(Image-text web data)

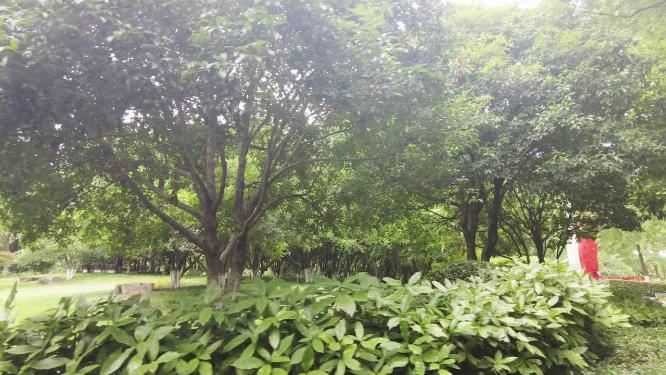 公园树林休闲的草木草坪
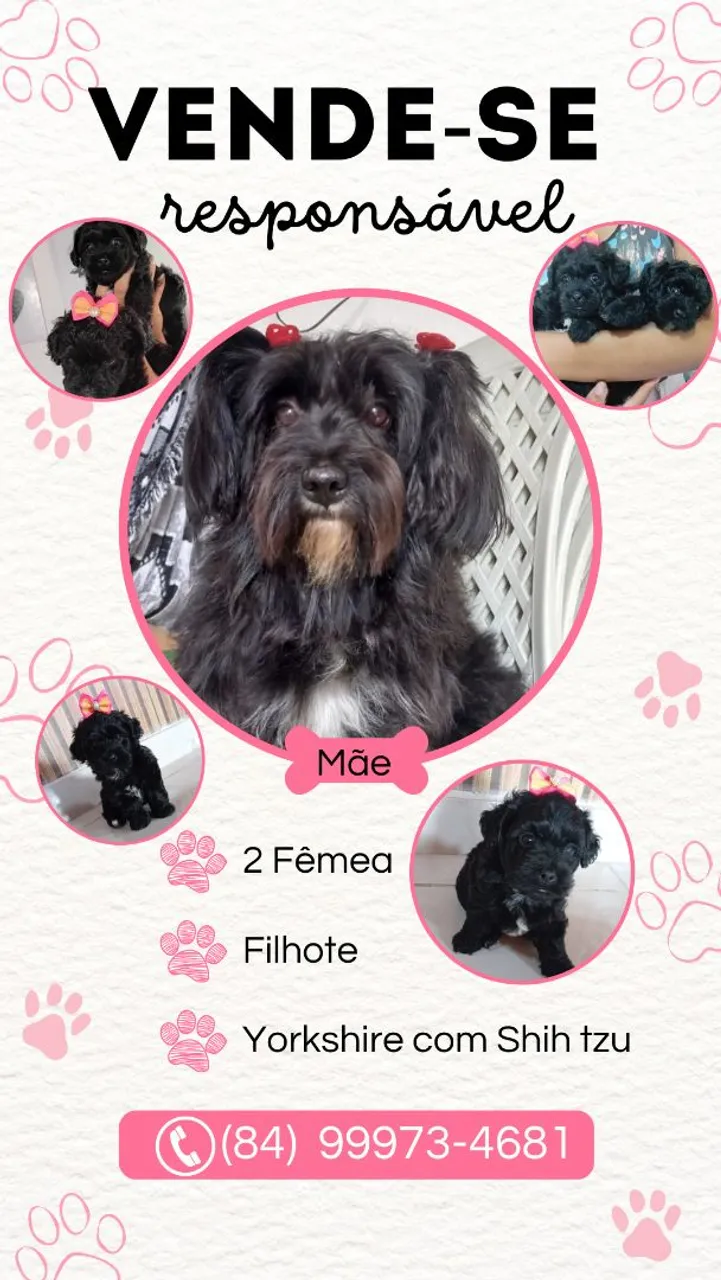 Filhotes de Yorkshire com Shih Tzu à venda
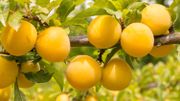 La mirabelle La mirabelle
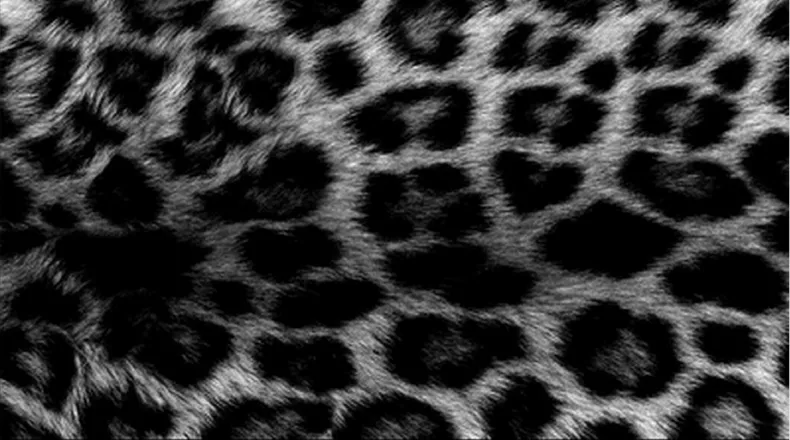 OnlyFans cuenta littledollnoir header 2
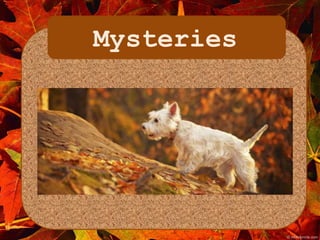 Mysteries 
 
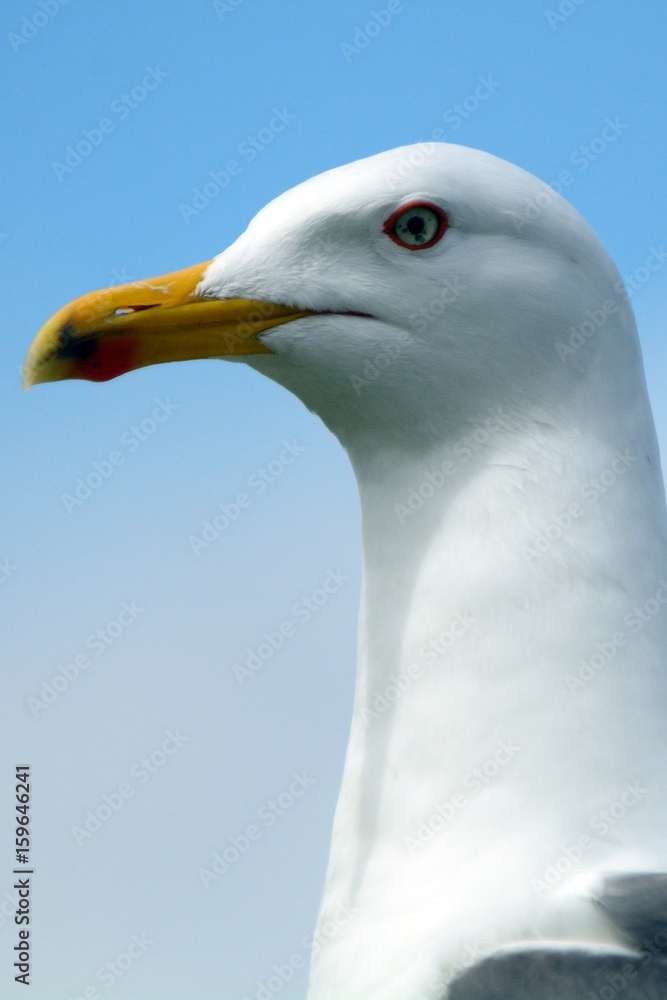 Black-backed gull, Inchcolm Island, Scotland Black-backed gull, Inchcolm Island, Scotland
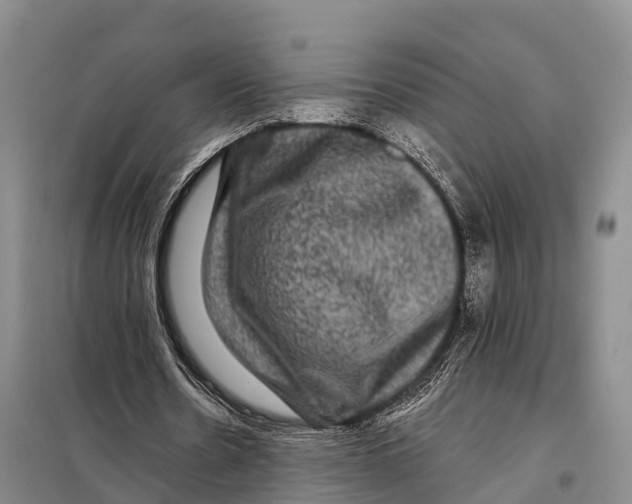 X0000098010530200804251116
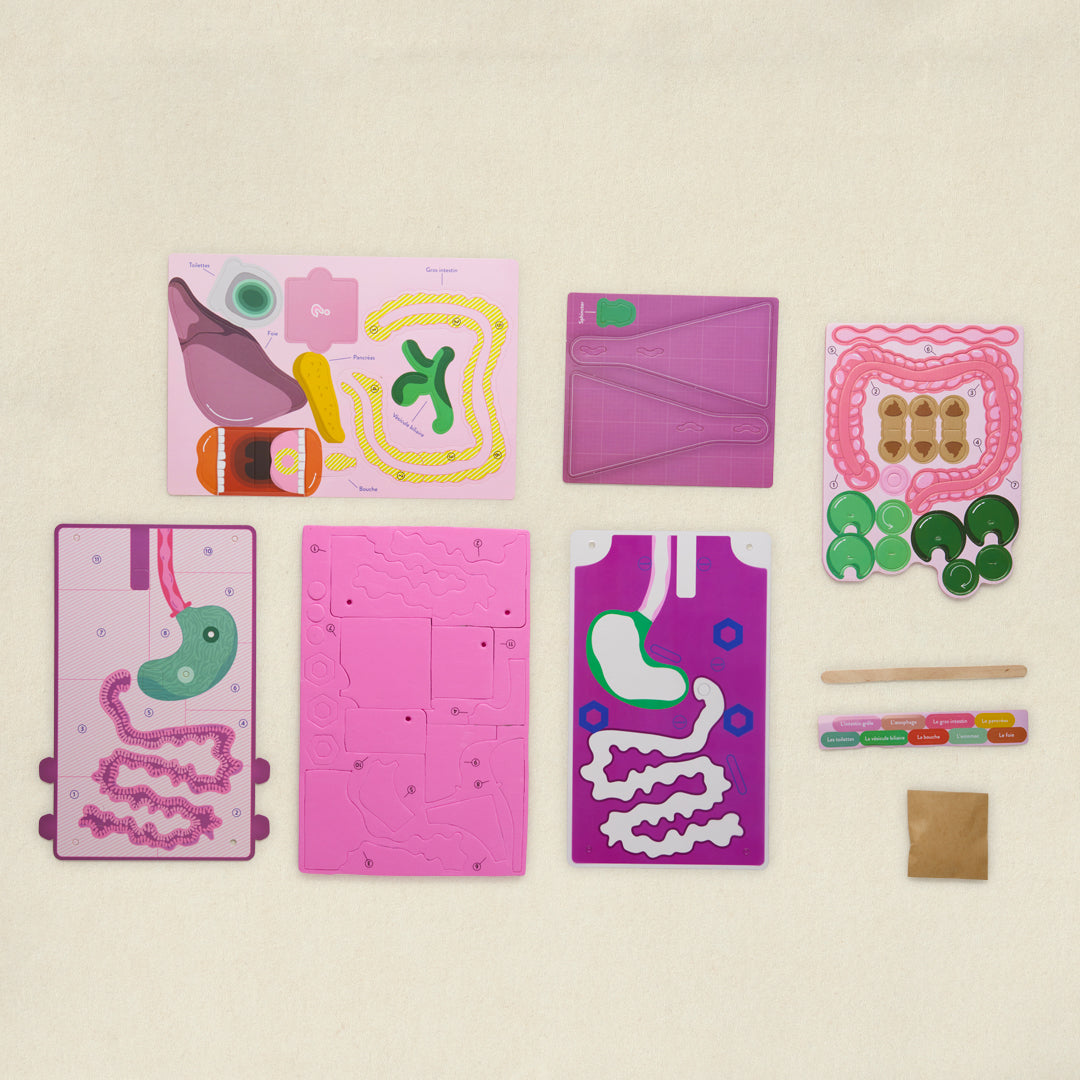 Le système digestif - L'aventure digestion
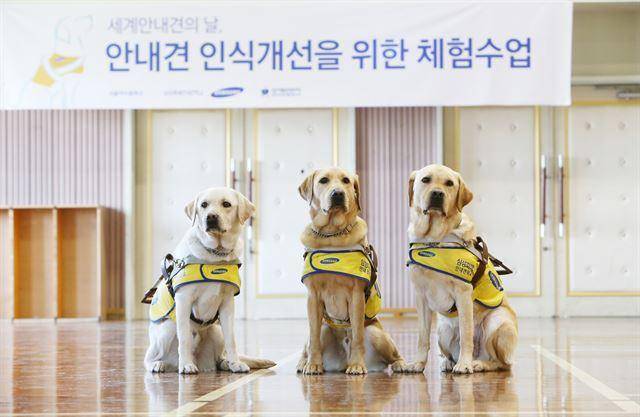 안내견 체험봉사 행사에 참석한 안내견 후보견들 세움(왼쪽부터), 바름, 리버. 삼성화재안내견학교 제공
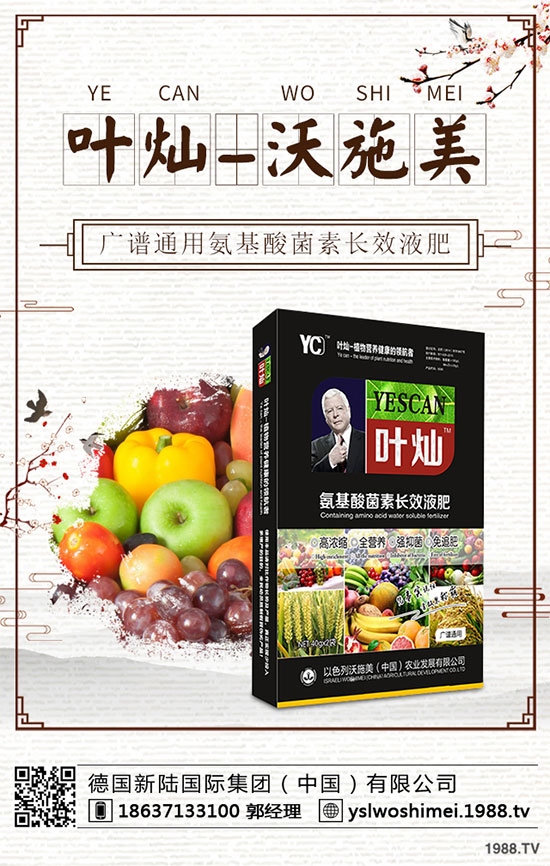 �������༾��(ji��)��ʲô�r(sh��)�������˸߮a(ch��n)���g(sh��)����Щ��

▶ **Exercise details**
In the copy, include exactly the lines from the one with "X0000098010530200804251116" through the final line of the entries above, both ends counted, and no pictures.

▶ **Result of this task**
 X0000098010530200804251116
 Le système digestif - L'aventure digestion
 안내견 체험봉사 행사에 참석한 안내견 후보견들 세움(왼쪽부터), 바름, 리버. 삼성화재안내견학교 제공
 �������༾��(ji��)��ʲô�r(sh��)�������˸߮a(ch��n)���g(sh��)����Щ��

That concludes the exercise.